Under the terms of the two-year partnership, Apple will work closely with HEC, a business school located near Versailles, on integrating iPods and other digital technology into classrooms and curricula. It's the first such relationship Apple has struck in Europe, following the model of similar deals with Stanford University and Duke University in the U.S.

"ON THE OFFENSIVE."  Cooperation presents enticing opportunities for both parties. HEC will get a boatload of hardware, software, service, and support donated by Apple (AAPL).

The technology will allow the school, which offers undergraduate business and MBA programs in English and French, to explore cutting-edge uses of computers, networks, and iPods in higher education. That encompasses not only delivery of course material and other information to students, but also creation of new content by students and faculty using tools provided by Apple.

For Apple, the hookup with prestigious HEC is the first step in a plan to penetrate business schools and other institutions of higher learning across Europe. Pascal Cagni, who runs the company's European unit, notes that Apple already holds the No.1 position in the European education market, with 15.2% share, according to figures from researcher Gartner. Still, he says, "we have to stay on the offensive."

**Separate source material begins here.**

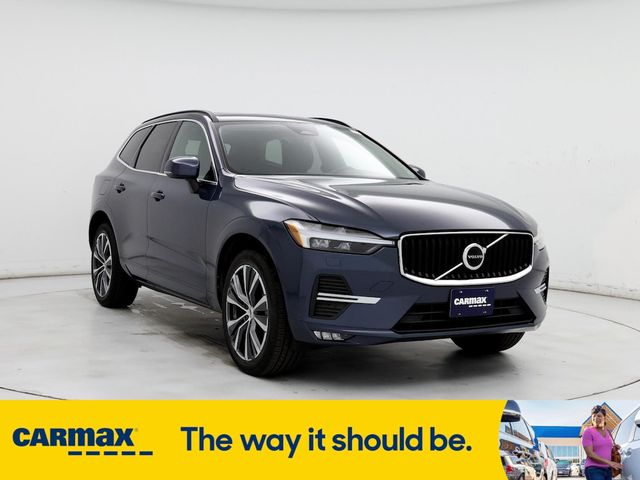 2022 Volvo XC60 Momentum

RESEARCH INITIATIVE.  Starting with the MBA class entering HEC next fall, every student will be given a video iPod engraved with the school's logo on the back. About half of all lectures will be captured in digital video and saved in massive network servers, where students will be able to review them, in the form of video podcasts, as little as an hour later. The iPods also will be stuffed with a wealth of useful tools and information, such as campus maps, class schedules, RSS feeds of news stories, and language training courses.

To the dean of Group HEC, Bernard Ramanantsoa, the iPod invasion presents far more than just a chance to dish out digital information to students. "It's a strategic European initiative to integrate digital technology into management training," he says.

Tools such as the iPod will improve learning and spur collaborative work. But equally important, he aims to turn HEC into a testbed for research on the interaction between technology and business. "We have to be more digital ourselves before we can understand what that means to enterprises," Ramanantsoa says.

UP IN THE AIR.  That's music to Apple's ears. To bolster the role of both the iPod and the Macintosh in learning, the company is eager to develop showcase applications such as the HEC digital campus. "We don't plan to stop there," says Cagni. Neither he nor HEC officials would comment on the financial value of Apple's donation to the school.

And what of that pesky new French law, which could require Apple to disclose its proprietary copy-protection schemes and let iPod owners download songs from services other than iTunes? In a press statement on Mar. 21, the company called the new law "state-sponsored piracy." But at the start of the press event to announce the HEC-Apple alliance, officials said they wouldn't comment on the potential impact of the law on Apple's French business. When pressed on what a potential Apple pullout from France could mean to the HEC relationship, Cagni couldn't avoid answering. He smiled wanly, glanced down, and then said with a sigh, "I just don't know."